At a glance, the sophomore album by Los Angeles, California punk band 400 Blows gives off a rather sophisticated air. The group name cribs the title from François Truffaut’s masterpiece of French New Wave filmmaking. The album’s name is lifted from a scene in Antony Burgess’ lyrical twisted glance at the future, A Clockwork Orange, in which Alex, looking to lure two young women home, promises music they’ve never heard before that will sound both heavenly and hellish. Yet for all the high art references, scripted fonts and pretty line drawings that leap from the virgin white background of the album cover, once you slide the disc into your player you’re in for a surprise. The music is an engaging and powerfully street-level style of punk rock, blessed with kind of urgency and potency that out of which legends are made.
Consisting of no more than guitar, drums and a singer, 400 Blows distill punk rock to its most immediate and primal elements. However, within that minimal framework, the band provides a healthy amount of twists, turns and dynamics—turning what could’ve been a very repetitive disc into one that brims with excitement and enthusiasm. But all that energy is tempered with a healthy dose of abrasiveness. You won’t be singing along to any of these tracks anytime soon, while their raw attack is a heady mix that sounds like Black Flag covered by Rhode Island noise monsters Lightning Bolt.
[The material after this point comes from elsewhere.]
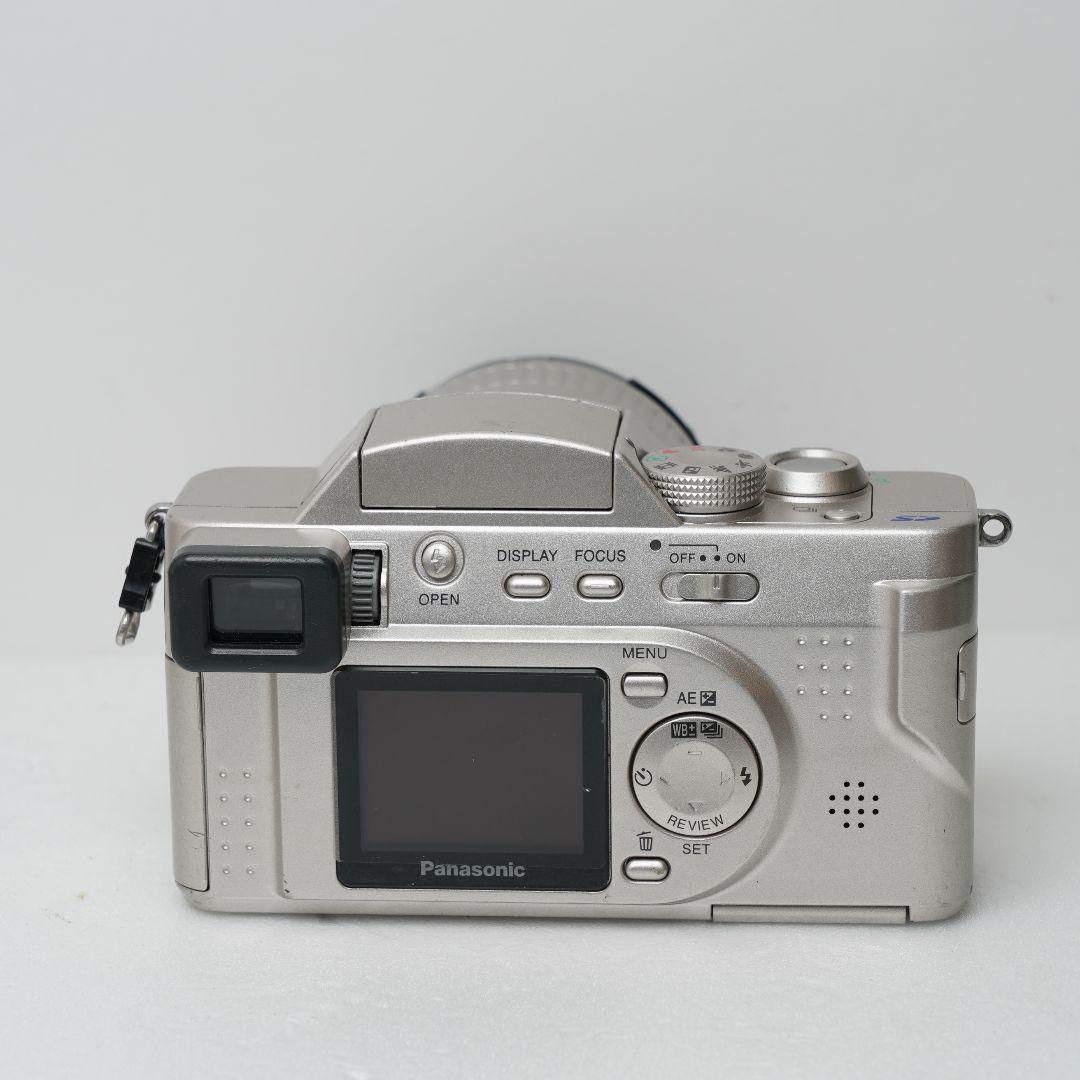 Panasonic パナソニック LUMIX 4台セット デジカメ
Angel's Trumpets and Devil's Trombones
(Gold Standard Laboratories)
US: 10 May 2005
UK: 16 May 2005
The disc kicks off with its best track, “The Beauty of Internal Darkness”. The song alternates between light and dark by following guitarist Christian Wabschall’s sludgy power chords in the chorus and careful riffing during the verses. Wabschall’s fretboard inventiveness also gives the album much more flexibility that it probably deserves. Check out his manic, nearly math-rock shredding on “Make a Wish”, guitar styling that sits comfortably alongside the swampy stoner chord progressions of the monstrous “The Average Guy”. Vocalist Skot Alexander thankfully knows how to temper his voice for maximum impact. Switching between in-the-red screaming and madman like ranting at speaking volume, his ability to ride a song’s dynamics makes his nasal, Jello Biafra style much easier to stomach. He fronts the songs with a showman’s flair—his own distinct reading of passion, sarcasm and bitterness is mesmerizing.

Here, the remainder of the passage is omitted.